When analyzing images, information about the color of a scene element is usually available only from a three-channel sensor point of view. Due to the mismatch between the dimensions of the spectrum space and the sensor space, the measured tristimulus can be generated by different metameric spectra, which complicates the solution of the color reproduction problem [horn1984exact]. As a result, lighting compensation is always possible only with some approximation [brill1978device, west1979, qiu2018image]. The situation is similar with color space transform [Finlayson1994] and spectral reconstruction [otsu2018].

To overcome this difficulty, one can introduce restrictions on the set of possible spectra [logvinenko2009object, logvinenko2013metamer], which allows us to construct correct color transformations. A particular case of this approach relies on the so-called spectral models that define a set of protomeric spectra [Stiles1962, weinberg1976geometry, nikolayev1985model, Griffin2019]. By the term ‘‘spectral model’’ we will mean bijective mapping of the tristimulus space into the space of model parameters. In this case, each spectrum from a certain subspace of all spectra is represented in a unique way using the model parameters [nikolaev2007spectral].

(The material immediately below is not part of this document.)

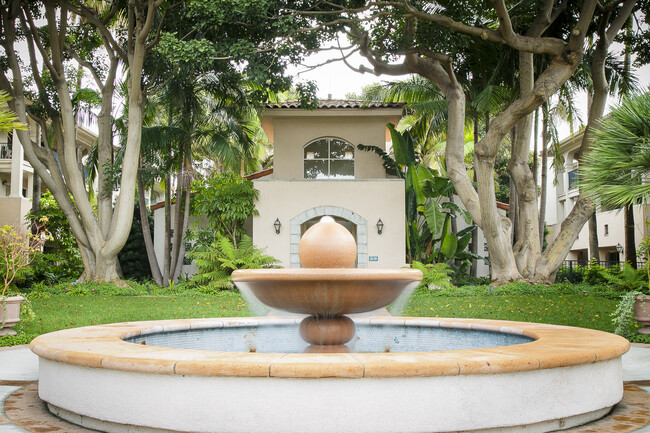 Building Photo - Total Quality Living! This chic and meticu...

In the paper [nikolaev2008spectral], the authors note that in order to achieve high-quality color reproduction, the spectral model must have certain properties that correspond to the linear color formation model [nikolaev2004linear]. Particularly, it is important that the set of spectral approximations is closed under addition, multiplication by a number and multiplication by itself. Closure under addition allows us to describe the summation effect of several lighting sources correctly, and closure under multiplication allows us to describe multiple reflections of light from surfaces [nikolaev2006efficiency, gusamutdinova2017verification] and to approximate high-saturation spectra higher accuracy [nikolaev2008spectral]. Also, an important property is the color set coverage [nikolaev2008spectral, mizokami2012, mirzaei2014object]. As a rule, it is not always possible to satisfy all the properties simultaneously, so the question arises: ‘‘How many (and which) properties can a single model have?’’.

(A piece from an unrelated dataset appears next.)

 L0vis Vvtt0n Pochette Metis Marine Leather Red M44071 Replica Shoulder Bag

In the paper we discuss linear models [brill1978device, Stiles1962, yilmaz1962theory, land1971lightness, nyberg1971II, Sallstrom1973, buchsbaum1980spacial, cohen1982r_matrix, Maloney86constancy, maloney1986evaluation, Marimont1992, Lee1995]. They are of interest because, on the one hand, they are computationally efficient, and, on the other hand, they are closed under addition. However, all of them have a significant drawback – they poorly approximate high saturation spectra [maloney1986evaluation, brill1986chromatic] and, as a result, have a low level of coverage of the color triangle (using three primaries, it is impossible to cover strictly convex color triangle) [nikolaev2007spectral].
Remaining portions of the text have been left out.